┌────────

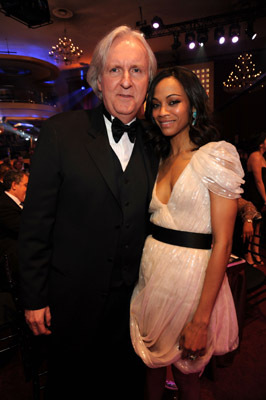 James Cameron and Zoe Saldana at event of 15th Annual Critics' Choice Movie Awards (2010)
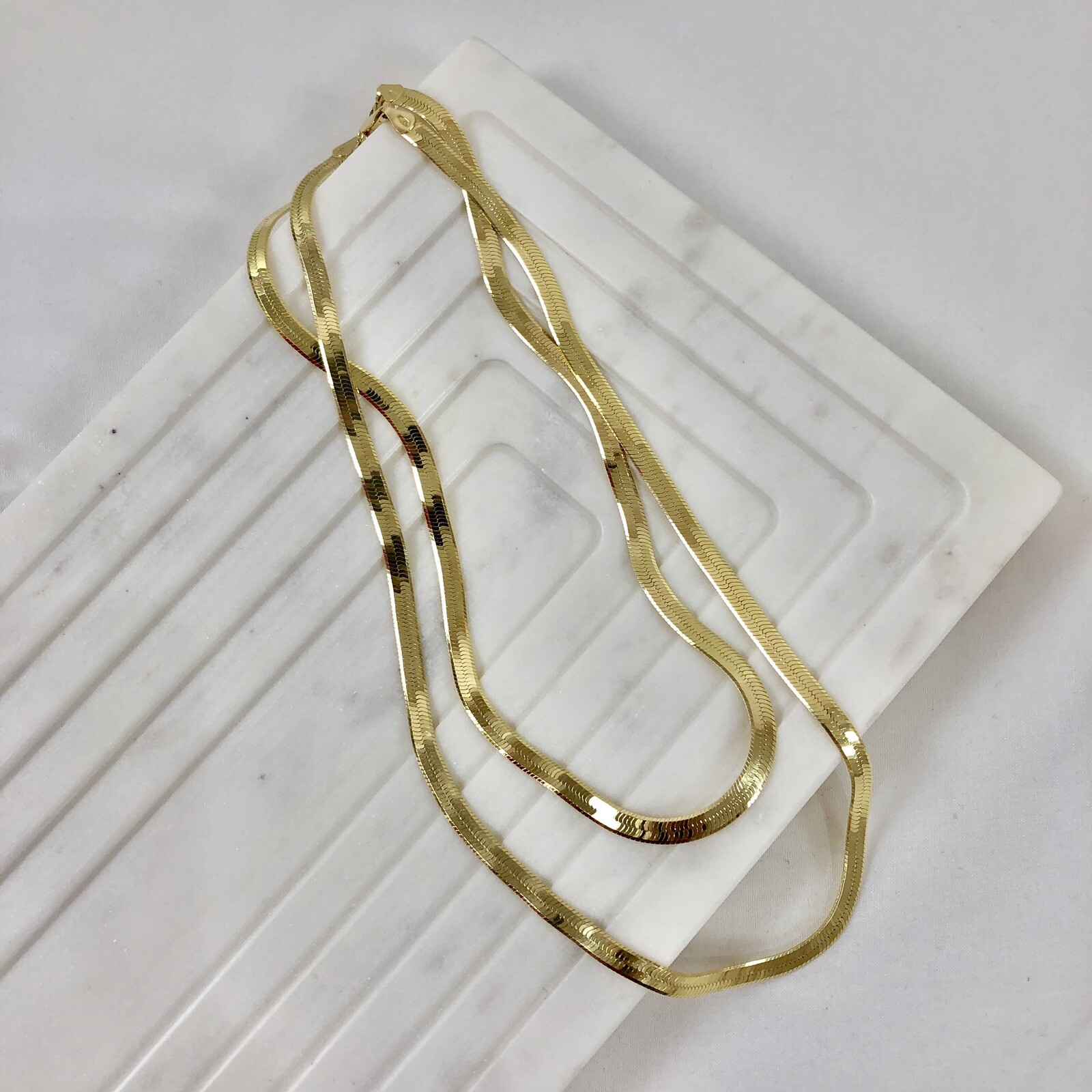 Herringbone Necklace 14k Italian Gold Plated Sterling Silver | 5MM | 16”inches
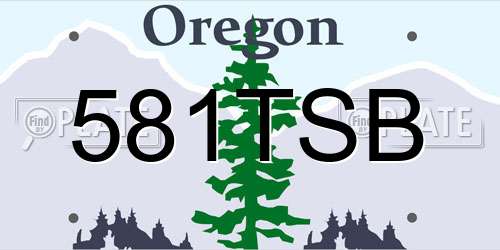 581TSB Oregon License Plate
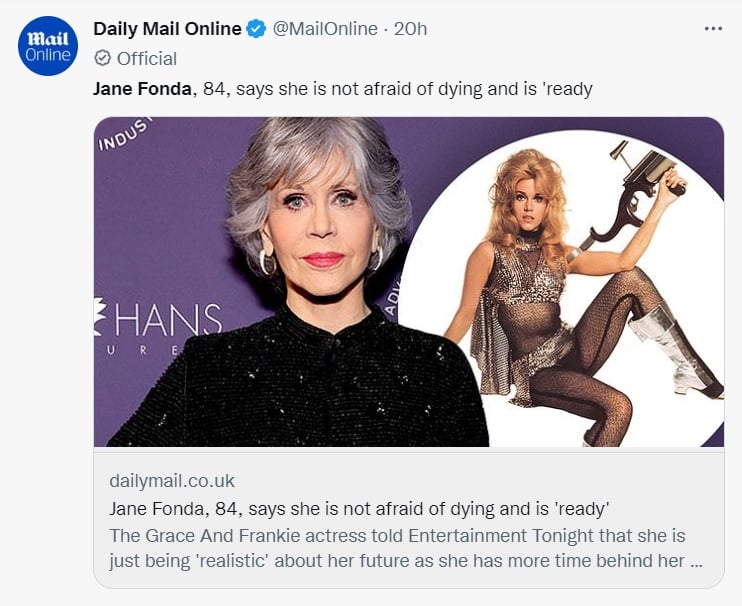 "Soy consciente de que será más temprano que tarde": Jane Fonda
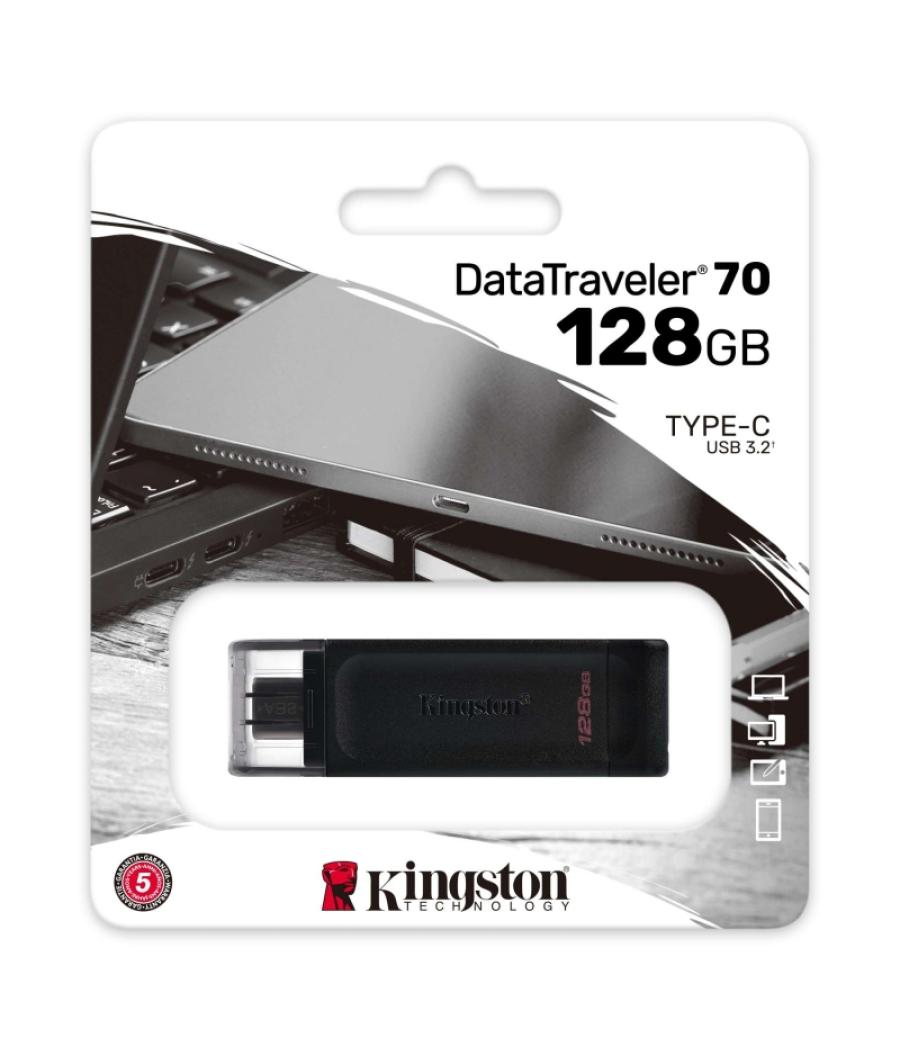 Kingston datatraveler dt70 128gb usb c 3.2 negro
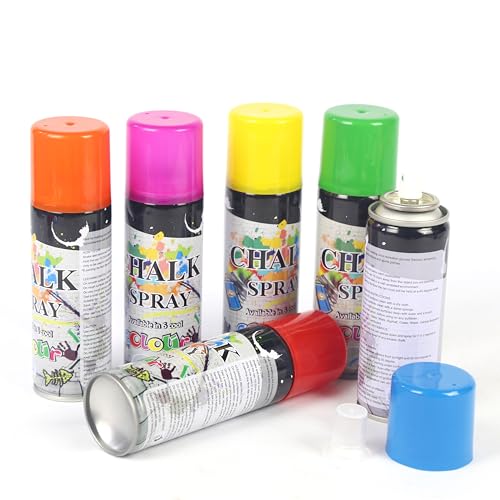 Spray Chalk Set – 6 Color Washable Sidewalk Chalk Spray Paint, Safe & Non-Toxic, Vibrant Temporary Chalk for Kids and Adults, Outdoor Fun on Grass, Asphalt, Snow, Sand, Concrete, Wood, Cardboard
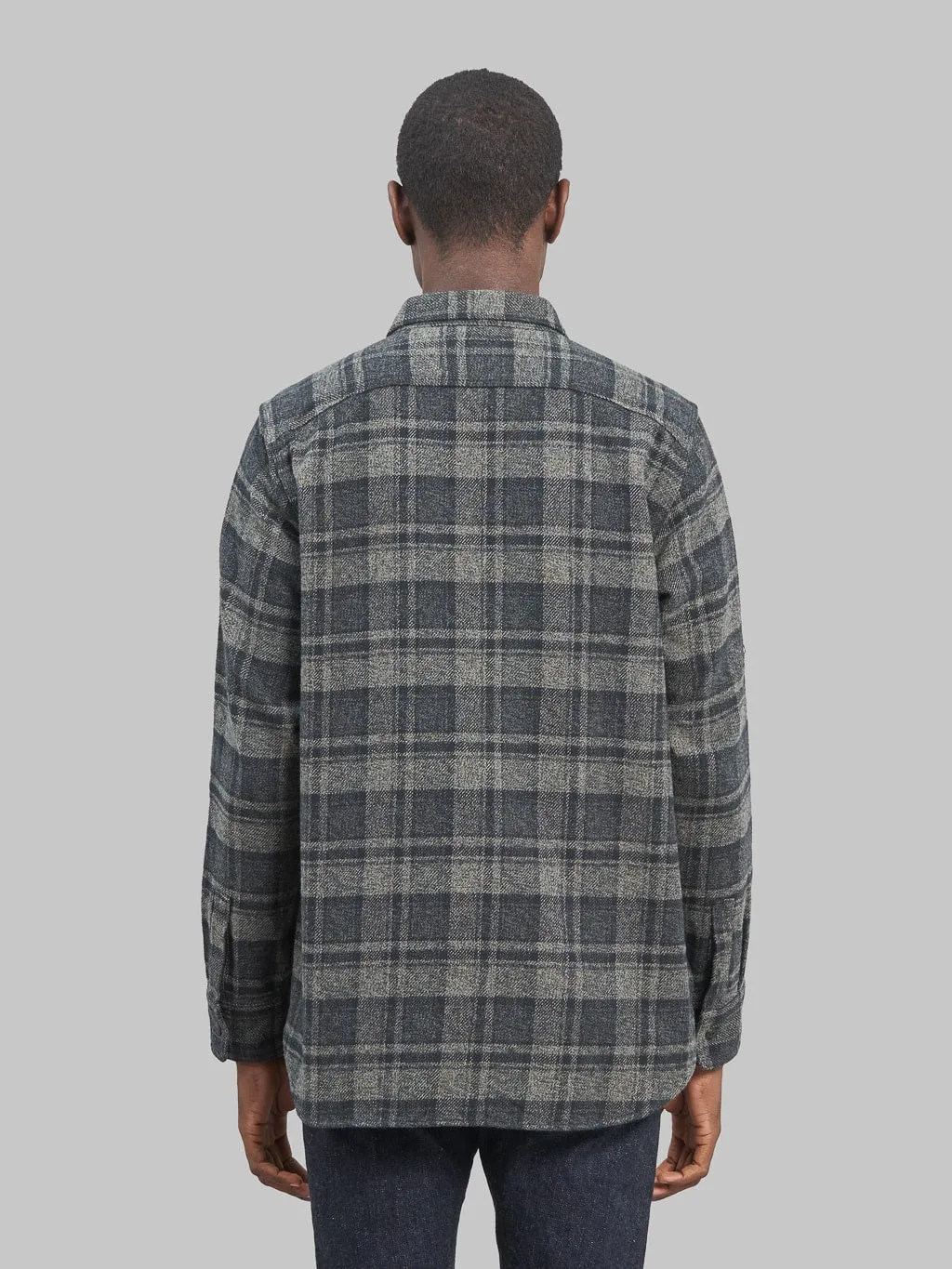 Fob Factory F3497 Nel Check Work Shirt Grey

└────────

■ About this task
Where a picture appears, skip it; repeat everything else in the data exactly.

■ Answer to this problem
 James Cameron and Zoe Saldana at event of 15th Annual Critics' Choice Movie Awards (2010)
 Herringbone Necklace 14k Italian Gold Plated Sterling Silver | 5MM | 16”inches
 581TSB Oregon License Plate
 "Soy consciente de que será más temprano que tarde": Jane Fonda
 Kingston datatraveler dt70 128gb usb c 3.2 negro
 Spray Chalk Set – 6 Color Washable Sidewalk Chalk Spray Paint, Safe & Non-Toxic, Vibrant Temporary Chalk for Kids and Adults, Outdoor Fun on Grass, Asphalt, Snow, Sand, Concrete, Wood, Cardboard
 Fob Factory F3497 Nel Check Work Shirt Grey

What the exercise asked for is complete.